[EXERCISE BRIEF]: If the records below hold pictures, omit them, and print exactly the lines from the first line through the line containing "衛生局於稅捐稽徵處前舉行捐血", inclusive.

::: DATA :::

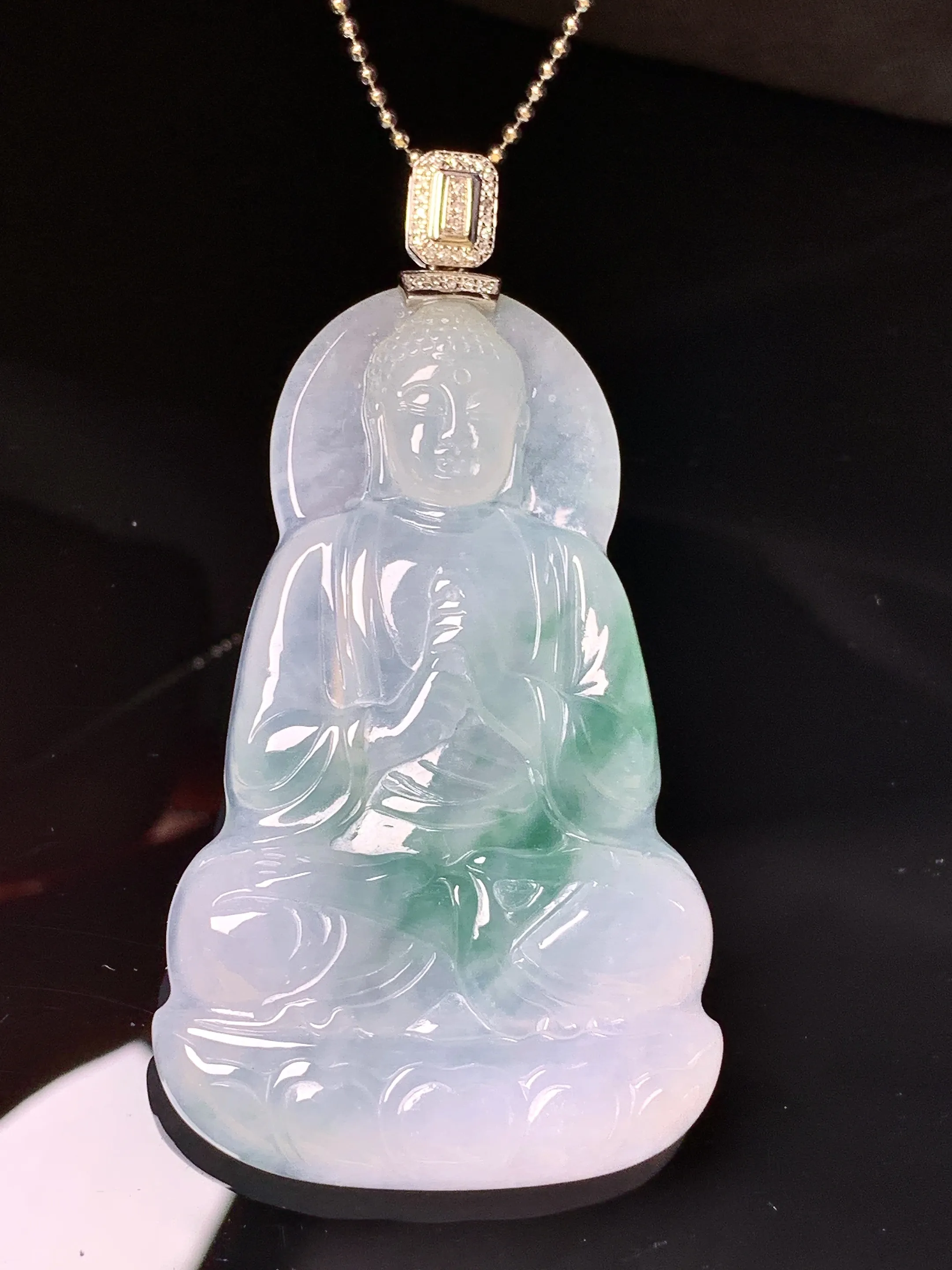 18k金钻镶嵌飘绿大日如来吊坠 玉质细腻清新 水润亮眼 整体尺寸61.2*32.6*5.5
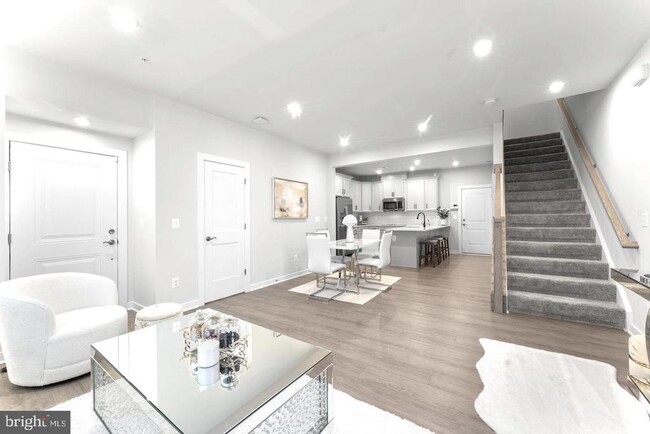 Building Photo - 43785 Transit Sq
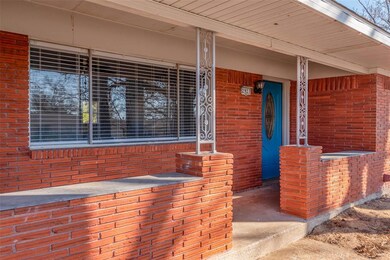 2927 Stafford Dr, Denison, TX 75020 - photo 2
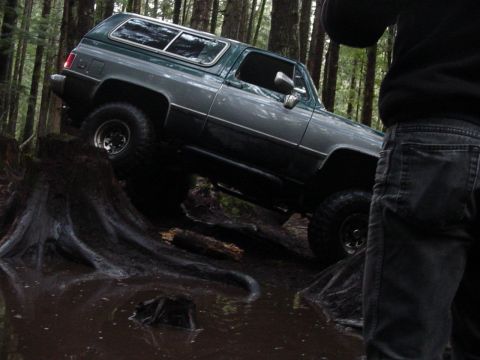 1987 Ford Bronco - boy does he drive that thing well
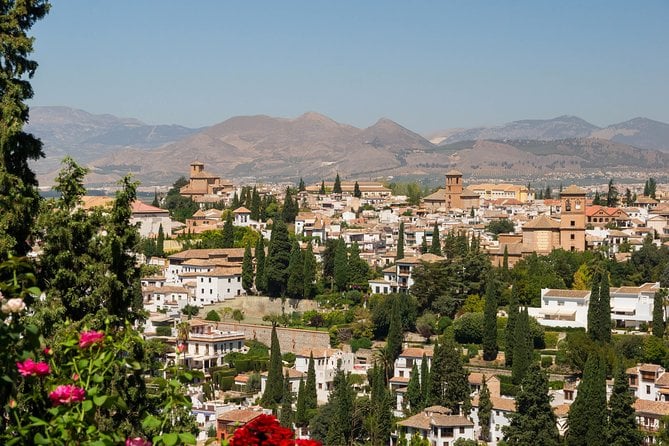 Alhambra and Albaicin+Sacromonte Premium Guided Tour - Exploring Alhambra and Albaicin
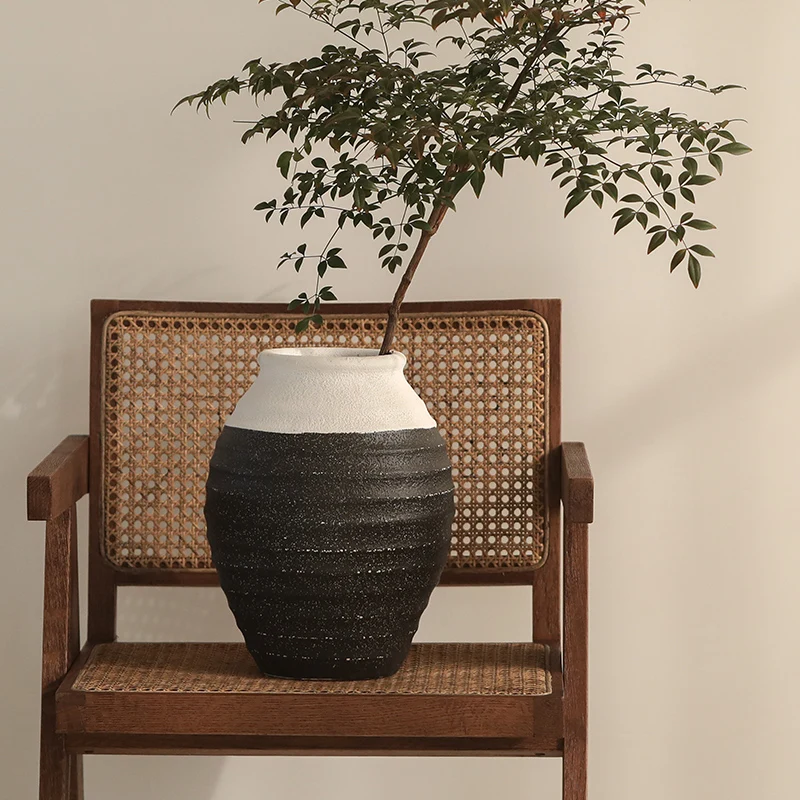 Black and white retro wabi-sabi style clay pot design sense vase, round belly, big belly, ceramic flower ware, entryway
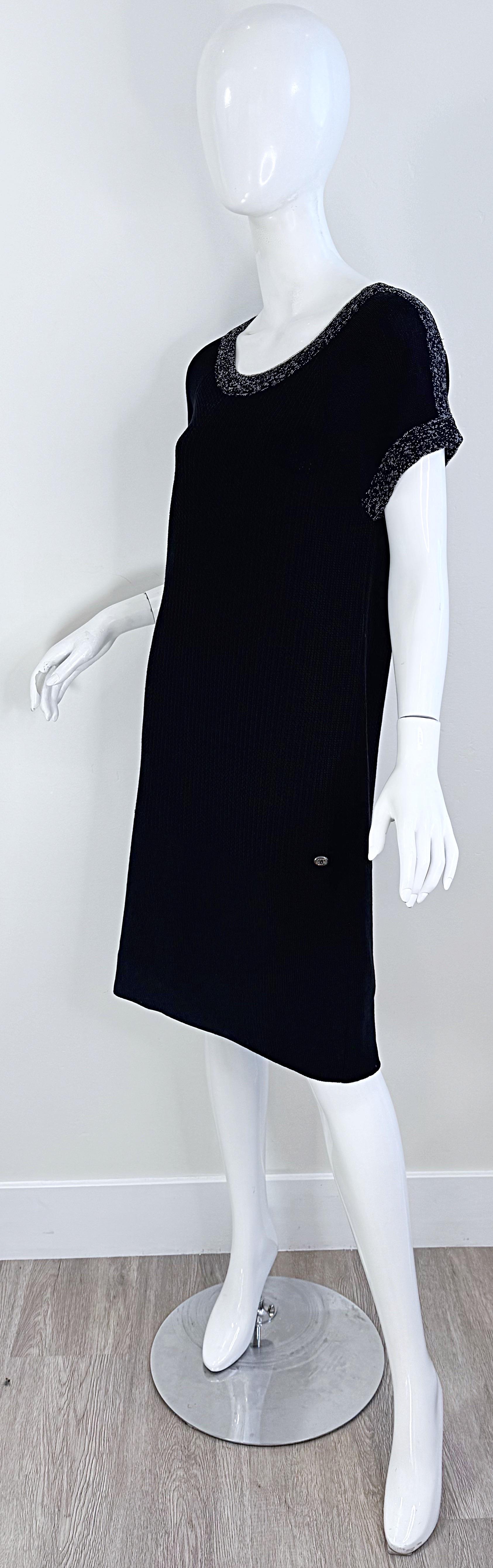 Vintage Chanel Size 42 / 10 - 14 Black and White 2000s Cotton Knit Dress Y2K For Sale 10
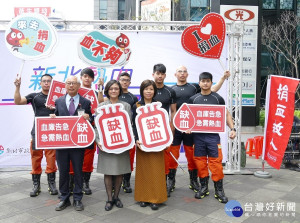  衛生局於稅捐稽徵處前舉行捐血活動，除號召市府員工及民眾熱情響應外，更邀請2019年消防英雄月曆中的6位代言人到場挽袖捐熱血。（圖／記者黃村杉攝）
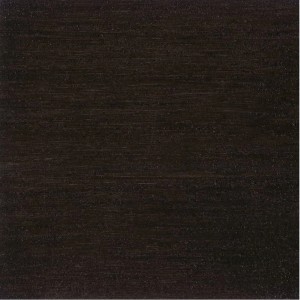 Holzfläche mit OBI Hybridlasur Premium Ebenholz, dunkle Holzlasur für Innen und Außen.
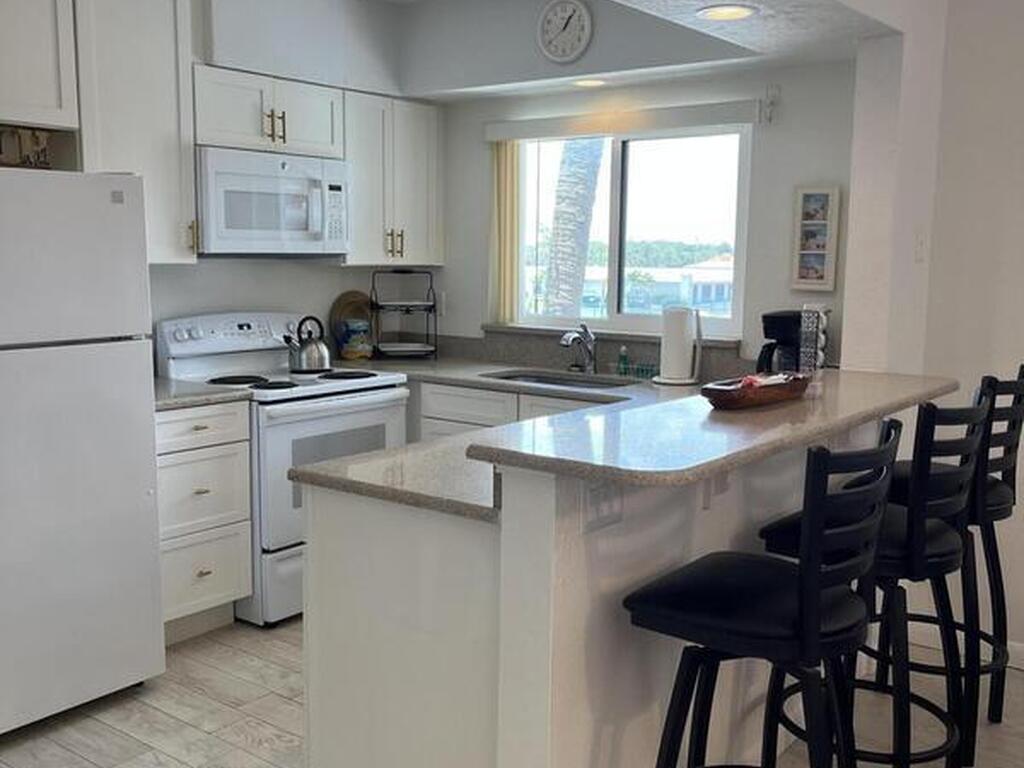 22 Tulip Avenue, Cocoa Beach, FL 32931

:::

[ANSWER TO THE PROBLEM]:
 18k金钻镶嵌飘绿大日如来吊坠 玉质细腻清新 水润亮眼 整体尺寸61.2*32.6*5.5
 Building Photo - 43785 Transit Sq
 2927 Stafford Dr, Denison, TX 75020 - photo 2
 1987 Ford Bronco - boy does he drive that thing well
 Alhambra and Albaicin+Sacromonte Premium Guided Tour - Exploring Alhambra and Albaicin
 Black and white retro wabi-sabi style clay pot design sense vase, round belly, big belly, ceramic flower ware, entryway
 Vintage Chanel Size 42 / 10 - 14 Black and White 2000s Cotton Knit Dress Y2K For Sale 10
  衛生局於稅捐稽徵處前舉行捐血活動，除號召市府員工及民眾熱情響應外，更邀請2019年消防英雄月曆中的6位代言人到場挽袖捐熱血。（圖／記者黃村杉攝）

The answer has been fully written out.